KZ-Gedenkstätte Dachau - Begegnung und Ökumenischer Stationen-Gottesdienst


In der KZ-Gedenkstätte Dachau (Foto: Grimm)

In der KZ-Gedenkstätte Dachau (Foto: Grimm)

Sr. M. Elinor Grimm. „Hier ist Begegnung", so steht es über der Einladung vom Dachauer Forum. Eingeladen wurde zur thematischen Führung „Die Plantage/Rundgang" am 21.9.2012 um 17.00 Uhr. In ihrem Vortrag sprach Brigitte Fiedler über Leben und Leid in der „Plantage", aber auch darüber, was heute aus dem Gelände des ehemaligen Konzentrationslagers Dachau geworden ist und wie Dachau zur Stätte der Begegnung wird. Am 23. September trafen sich viele Menschen in der KZ-Gedenkstätte Dachau zu einem ökumenischen Stationen-Gottesdienst zum Gedenken an die Opfer der nationalsozialistischen Terrorherrschaft im Konzentrationslager Dachau anlässlich der Seligsprechungen (2010-2011) von Gerhard Hirschfelder, Georg Häfner und Alois Andritzki.

Schlimme Erlebnisse, doch auch so manches „Schlupfloch"

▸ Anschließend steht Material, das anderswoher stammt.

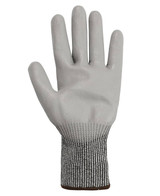 Breathable cut-resistant glove in grey with a knitted wrist, featuring a textured palm for grip.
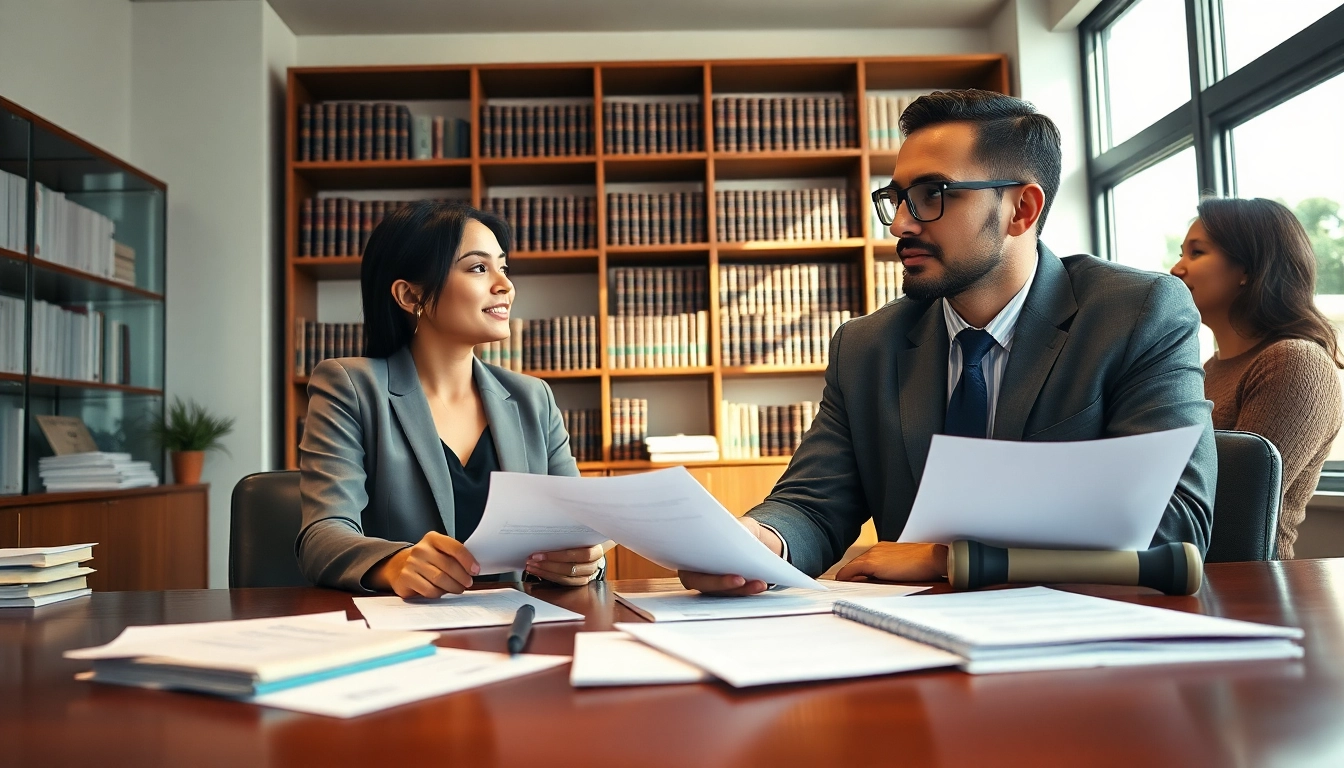 Real estate lawyer advising clients in a professional office environment.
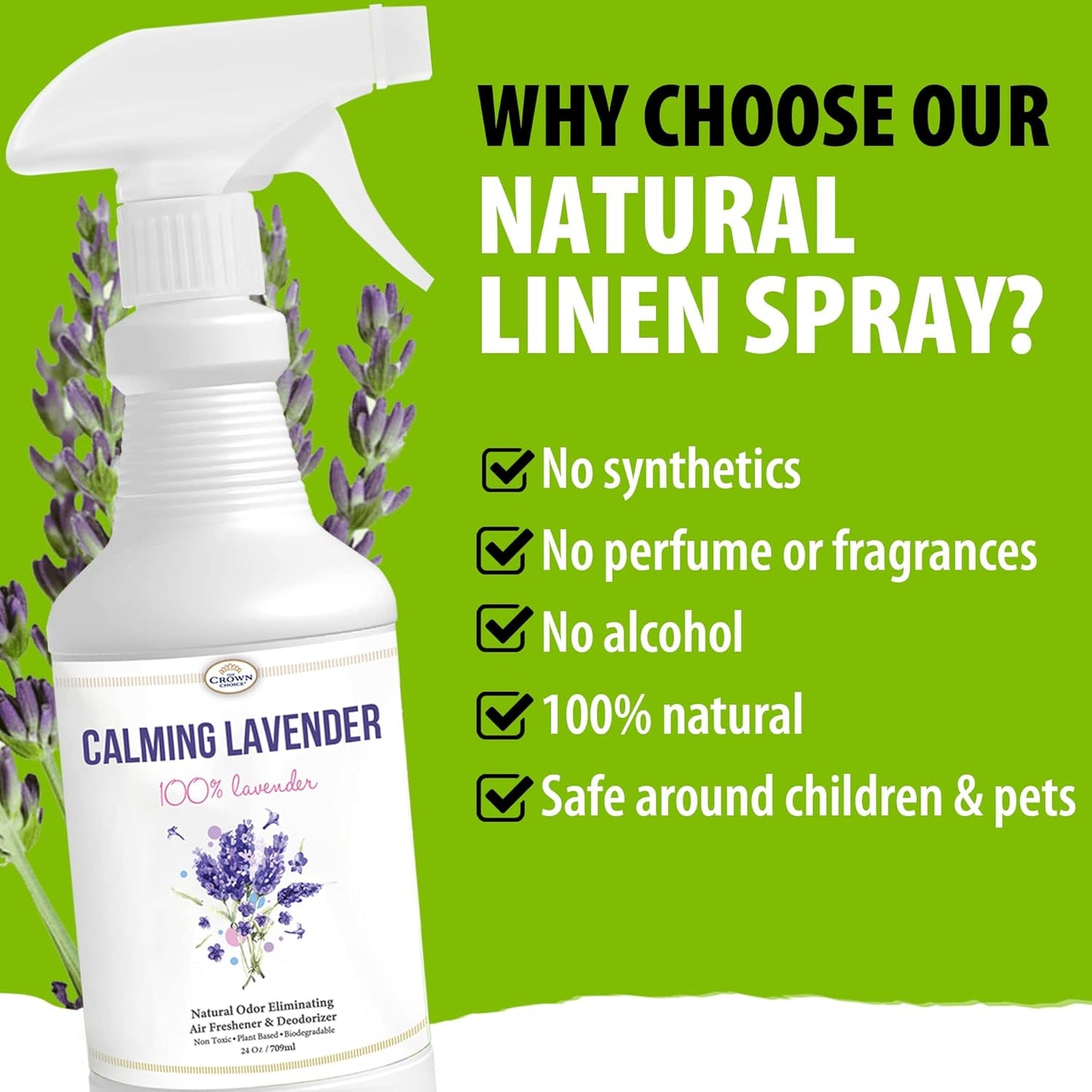 Natural Lavender Linen Spray (24oz) - Linen, Sleep Spray, Room Spray - Quality Lavender Oil Essential Oil Odor Eliminator, Deep Sleep Pillow Mist, Linen Spray for Bed, Sheet, Pillows, Aromatherapy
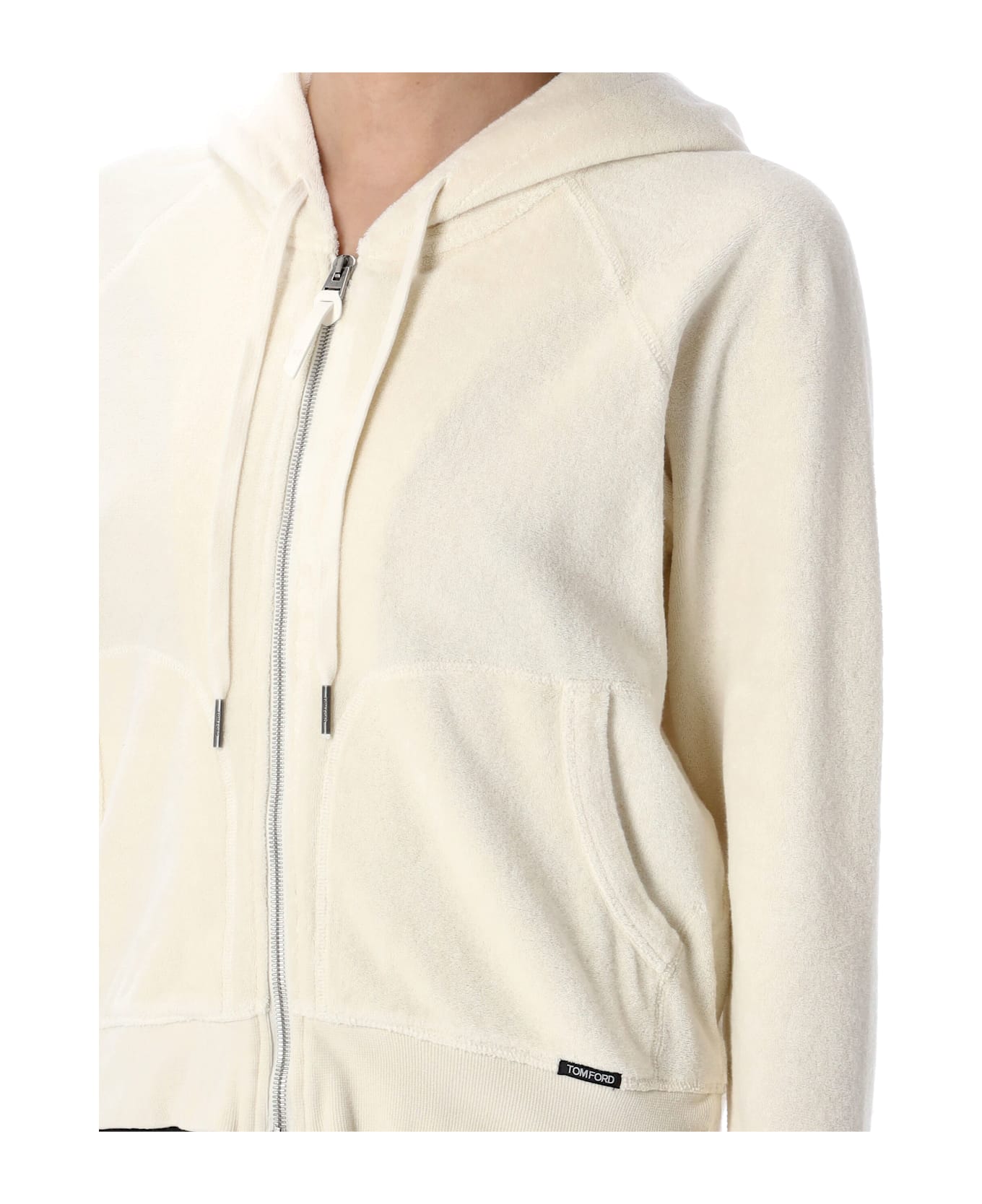 Tom Ford Towelling Zip Hoodie - ECRU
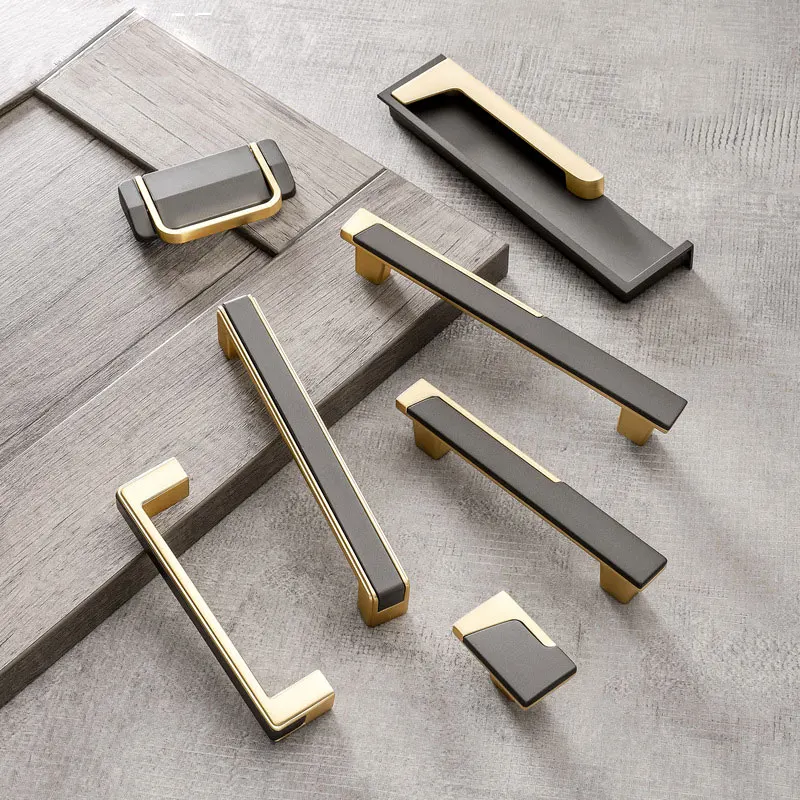 

New Furniture Cabinet Knobs and Handle Kitchen Handle Drawer Knob Cabinet Pull Black Gold Stainless Steel Kitchen Handle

Die Dachaureferentin Brigitte Fiedler war positiv überrascht über das große Interesse! Unter den mehr als 60 Personen waren auch Karmelitinnen, Schönstätter Marienschwestern und Mitglieder vom Schönstatt-Familienbund. Das war eine echte freudige „Schönstatt-Begegnung", auch wenn sich an dem Ort „Plantage" viel Leidvolles, Schlimmes in der Zeit zwischen 1937 und 1945 ereignet hatte.

Bei einer Station an Block 26 spricht Domdekan Günter Putz, Würzburg, über Pfr. Häfner  (Foto: Grimm)

Bei einer Station an Block 26 spricht Domdekan Günter Putz, Würzburg, über Pfr. Häfner (Foto: Grimm)

Aber es war dort auch ein ganz kleines „Loch" - der kleine Verkaufsladen für Produkte des Gartenbaubetriebes - dort war tatsächlich unter Lebensgefahr manch heimliche Begegnung möglich! Vor allem der Geistliche Dr. Ferdinand Schönwälder, der als Häftling in der Verkaufsstelle arbeitete, hat viel gewagt. Hierher kam u. a. 1943/44 von Freising aus die Kandidatin Josefa Mack, die spätere Schulschwester Maria Imma und brachte heimlich Lebensmittel, Schwarzpost usw. für die Geistlichen. So manches, was für die Priesterweihe von Karl Leisner benötigt wurde, hat sie auf diesem Weg ins Lager geschmuggelt. Auch Schönstätter Marienschwestern kamen 1943 zum Posttausch mit Pater Fischer in die Plantage. Später, nachdem es in Dachau zu gefährlich war, wurde die Schönstatt-Schwarzpost im Nachbardorf Hebertshausen in der Wohnung eines Zivilangestellten aus der Plantage, Hr. Siegert, getauscht.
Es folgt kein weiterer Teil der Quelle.